いわゆる立体感や質感の要素を表現できるグラデーションは、フラットデザインの台頭で廃れていた時期もありました。
しかしフラットデザインと組み合わせることで、単色では表現できない多彩な色表現を出すことができる点などが再評価され、現在ではトレンドの表現として多くのウェブサイトで採用されています。
グラデーションはDTPの世界でもよく使われてきたデザイン表現です。
古くからのポスターや雑誌などでも多用されていて、なじみ深いものでもありますよね。
しかしその分、色の選択や使い方によっては、逆に古い雰囲気になってしまうことも…。
かっこいいグラデーション表現に憧れはあるものの、どう使えば効果的にサイトをブラッシュアップさせる要素として
取り入れることができるのか。
グラデーションが生み出す効果や、使用時の注意点について考えてみました。
そもそもグラデーションとは
グラデーションは、2色以上の色を使ったカラー表現です。単色と違って様々なカラーパターンの表現が可能になります。
色の組み合わせによって明るい部分と暗い部分を作理、光と影といった自然な立体感も表現できます。
現実世界では、単色だけで構成されているものはありません。すべてのものには光と陰による陰影表現がかかっています。
その為webサイトや紙といった平面状のコンテンツの要素にグラデーションを用いることで、画面にリズムや動きが生まれ、閲覧者によりナチュラルな印象を与えることが可能になります。
グラデーションが生み出す効果
・単色では表現できない多彩な色表現
複数の色を使ってのカラフルなビジュアル作成が可能という点は、グラデーションならではの強みです。
背景に濃いカラーを使用する場合、単色だと色の印象が少し重く感じ、ストレスに感じることがあります。
そこにグラデーションを採用することで、なだらかな色の表現を実現させ透明感や立体感を醸し出すことができます。
・オリジナリティの強化
ブランディングにおいて、企業のブランドカラーはサイトをデザインする上で貴重のカラーとして採用されることも多くありません。しかし単色表現では競合他社と色がかぶることも想定され、他社と区別するオリジナル表現を作りにくいという問題点が発生する場合があります。そこへグラデーションを使用することで透明感や色のバリエーションが生まれ、オリジナリティを感じさせる表現が可能になります。そういった色の意味を補強できる点が単色と比べたグラデーションの大きな強みの一つです。
・人の視覚に訴えかける立体感を利用した独特の表現
現実の物質は完全に単色という事はなく、光の影響で様々に色が変わります。その為、単色のみで塗られた色は人の目に不自然な印象を与えることがあります。
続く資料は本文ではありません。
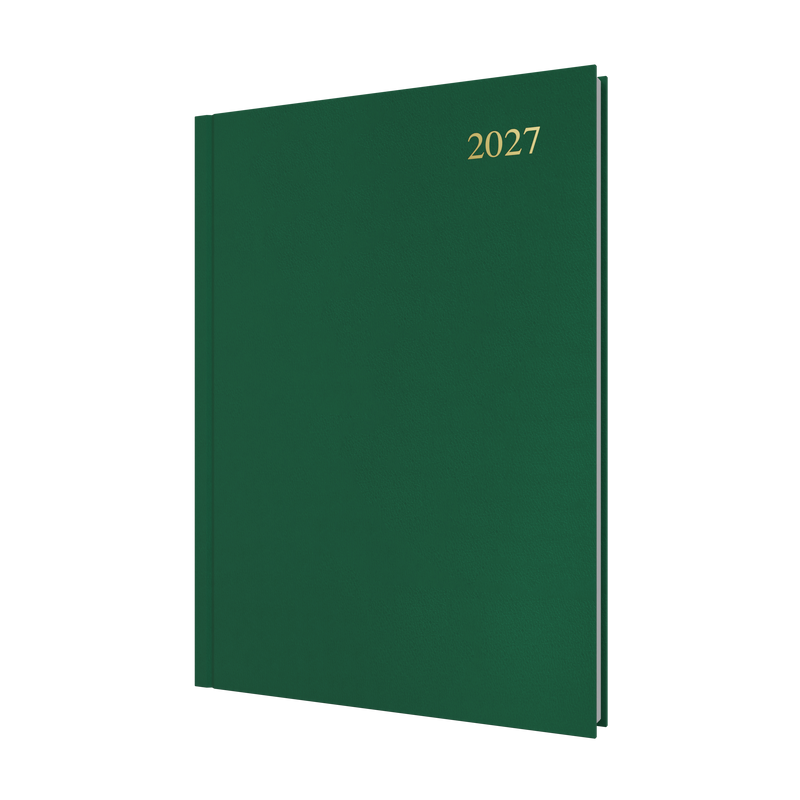 Collins Essential 2027 A4 Day to a Page Diary Green front cover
しかしグラデーションのぼかし表現や数色を組み合わせて作る色彩表現が、平面空間に陰影を与え程よい立体感を生み出します。
グラデーションを使う上での注意点
・補色ではなく同系色、近似色を使うこと。
捕色や彩度や明度を落としたグラデーションは、うまく使わないといわゆる”ダサい”デザインになりがち。
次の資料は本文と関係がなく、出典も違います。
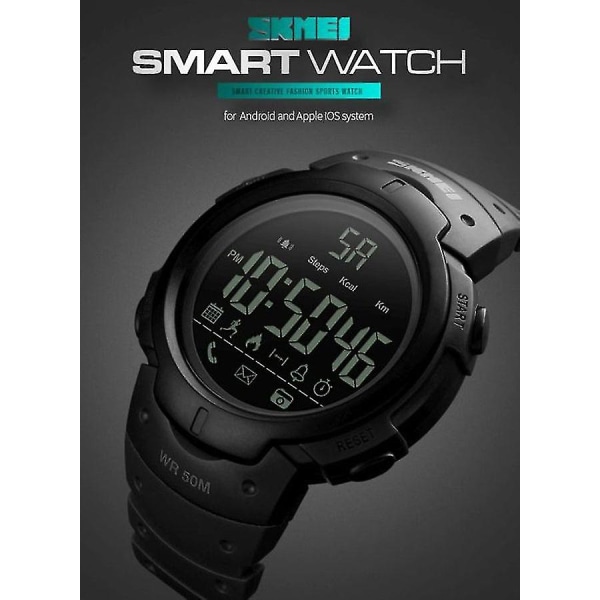Multifunktionell Smartwatch Svart, vuxen, unisex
調和していない色というのは、どうしても視覚に不自然な感覚を生み出してしまいます。
隣接色を使う、色相を変えない等自然に見える色の表現を心がけると、綺麗なグラデーションを作成できます。
・多用しない
大きく目を引く分、多用すると視線を分散させてしまい、せっかくのグラデーションの視線誘導効果が
台無しになってしまいます。使用する理由を明確にして、必要な要所要所で目的を持って使っていく必要があります。
・光源や光量を考慮して使う
視覚が立体感を感じるには適切な光源・光量による違和感のない描写表現が重要です。光の向きがバラバラだったり異様に影が濃いといった現実では見られないパターンで陰影をつけてしまうと、不自然に見え、立体感のないただ色を組み合わせただけの平面表現になってしまいます。
まとめると、
- グラデーションを使うことで、色の幅を広げたり、立体感を持った表現が可能になる。
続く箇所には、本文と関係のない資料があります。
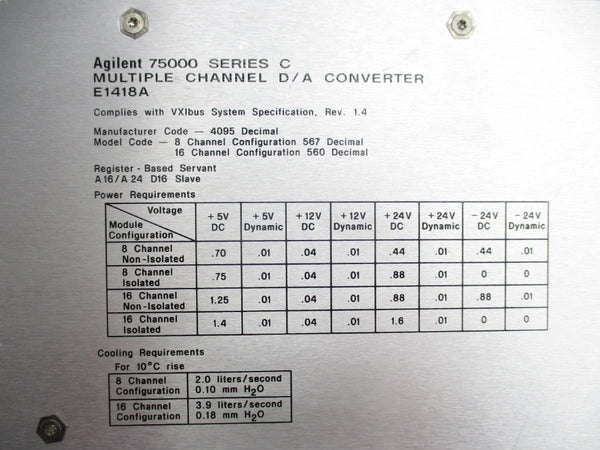 AGILENT E1418A SER. C 75000 NSNP
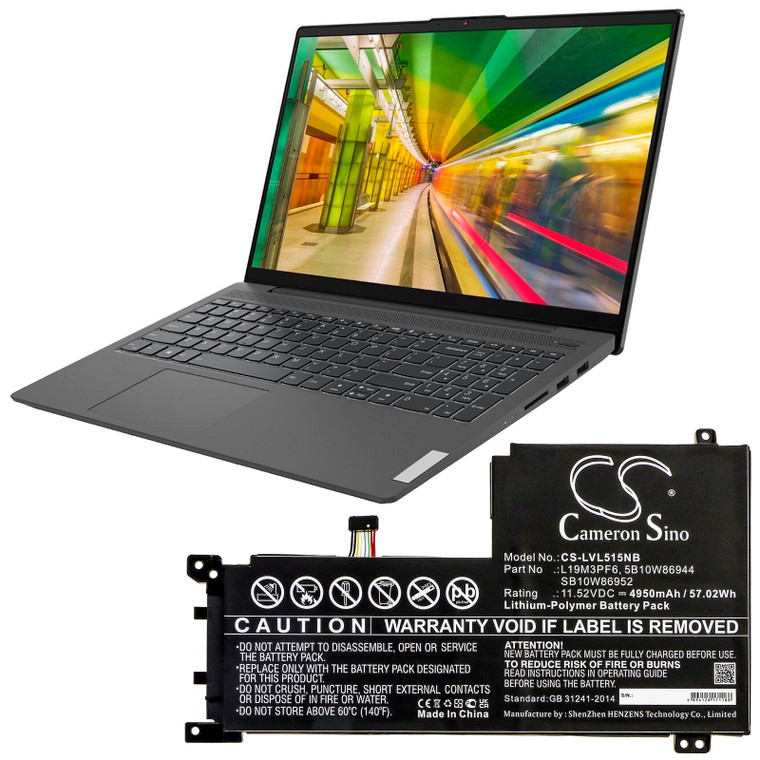 Battery for Lenovo IdeaPad 5-15IIL05 81YK0038MX 5B10W86944 L19M3PF6 SB10W86952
- グラデーションを使う場合、多用はせず必要なポイントごとを見極め効果的に使用する。
- 同系色や近似色を使用し、自然な色合いになるよう心がける。
- 立体感の演出を目的とする場合は、不自然にならないよう光源や光量を考慮して使用する。
上記の内容を意識して、グラデーションを表現の強い味方として取り入れていきたいですね。